BEGIN Records to process

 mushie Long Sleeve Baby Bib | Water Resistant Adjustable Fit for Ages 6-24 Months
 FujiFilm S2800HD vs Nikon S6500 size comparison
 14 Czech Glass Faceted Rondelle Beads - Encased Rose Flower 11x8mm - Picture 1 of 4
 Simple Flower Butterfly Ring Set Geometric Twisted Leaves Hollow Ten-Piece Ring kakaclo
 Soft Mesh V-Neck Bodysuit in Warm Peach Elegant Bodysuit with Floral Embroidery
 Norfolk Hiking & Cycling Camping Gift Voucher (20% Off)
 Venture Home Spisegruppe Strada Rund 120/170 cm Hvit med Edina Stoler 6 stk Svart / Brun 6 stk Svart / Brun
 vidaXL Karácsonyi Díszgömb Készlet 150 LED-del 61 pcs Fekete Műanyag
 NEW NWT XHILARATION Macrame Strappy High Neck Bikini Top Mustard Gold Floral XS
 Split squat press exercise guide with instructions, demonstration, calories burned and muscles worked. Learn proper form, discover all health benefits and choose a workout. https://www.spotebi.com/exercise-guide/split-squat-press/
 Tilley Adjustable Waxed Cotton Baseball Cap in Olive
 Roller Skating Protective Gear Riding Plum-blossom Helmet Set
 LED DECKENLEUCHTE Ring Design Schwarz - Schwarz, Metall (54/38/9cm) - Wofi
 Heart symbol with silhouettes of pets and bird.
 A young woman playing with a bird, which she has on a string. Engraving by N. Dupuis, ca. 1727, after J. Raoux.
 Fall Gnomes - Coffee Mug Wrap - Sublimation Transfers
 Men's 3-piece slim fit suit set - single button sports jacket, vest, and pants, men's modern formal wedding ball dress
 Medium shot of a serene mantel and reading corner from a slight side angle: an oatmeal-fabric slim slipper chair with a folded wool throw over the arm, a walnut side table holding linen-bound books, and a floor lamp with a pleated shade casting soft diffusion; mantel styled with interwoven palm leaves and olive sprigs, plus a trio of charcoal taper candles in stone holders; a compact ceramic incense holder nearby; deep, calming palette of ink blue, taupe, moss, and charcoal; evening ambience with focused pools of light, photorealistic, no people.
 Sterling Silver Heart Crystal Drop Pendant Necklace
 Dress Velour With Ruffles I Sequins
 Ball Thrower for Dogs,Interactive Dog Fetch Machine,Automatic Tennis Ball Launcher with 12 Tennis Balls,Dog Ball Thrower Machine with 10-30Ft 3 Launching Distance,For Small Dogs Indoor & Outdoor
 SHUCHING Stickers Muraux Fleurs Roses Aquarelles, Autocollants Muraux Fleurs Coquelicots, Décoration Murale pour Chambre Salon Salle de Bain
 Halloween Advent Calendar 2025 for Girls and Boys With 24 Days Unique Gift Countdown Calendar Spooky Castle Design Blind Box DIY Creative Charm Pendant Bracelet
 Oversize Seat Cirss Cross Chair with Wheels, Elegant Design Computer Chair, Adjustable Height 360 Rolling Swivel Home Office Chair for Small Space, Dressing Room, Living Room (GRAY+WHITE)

END Records to process

Begin with the first line of the records and reproduce each line as is, ending with the line that holds "Men's 3-piece slim".

--- Written reply ---
 mushie Long Sleeve Baby Bib | Water Resistant Adjustable Fit for Ages 6-24 Months
 FujiFilm S2800HD vs Nikon S6500 size comparison
 14 Czech Glass Faceted Rondelle Beads - Encased Rose Flower 11x8mm - Picture 1 of 4
 Simple Flower Butterfly Ring Set Geometric Twisted Leaves Hollow Ten-Piece Ring kakaclo
 Soft Mesh V-Neck Bodysuit in Warm Peach Elegant Bodysuit with Floral Embroidery
 Norfolk Hiking & Cycling Camping Gift Voucher (20% Off)
 Venture Home Spisegruppe Strada Rund 120/170 cm Hvit med Edina Stoler 6 stk Svart / Brun 6 stk Svart / Brun
 vidaXL Karácsonyi Díszgömb Készlet 150 LED-del 61 pcs Fekete Műanyag
 NEW NWT XHILARATION Macrame Strappy High Neck Bikini Top Mustard Gold Floral XS
 Split squat press exercise guide with instructions, demonstration, calories burned and muscles worked. Learn proper form, discover all health benefits and choose a workout. https://www.spotebi.com/exercise-guide/split-squat-press/
 Tilley Adjustable Waxed Cotton Baseball Cap in Olive
 Roller Skating Protective Gear Riding Plum-blossom Helmet Set
 LED DECKENLEUCHTE Ring Design Schwarz - Schwarz, Metall (54/38/9cm) - Wofi
 Heart symbol with silhouettes of pets and bird.
 A young woman playing with a bird, which she has on a string. Engraving by N. Dupuis, ca. 1727, after J. Raoux.
 Fall Gnomes - Coffee Mug Wrap - Sublimation Transfers
 Men's 3-piece slim fit suit set - single button sports jacket, vest, and pants, men's modern formal wedding ball dress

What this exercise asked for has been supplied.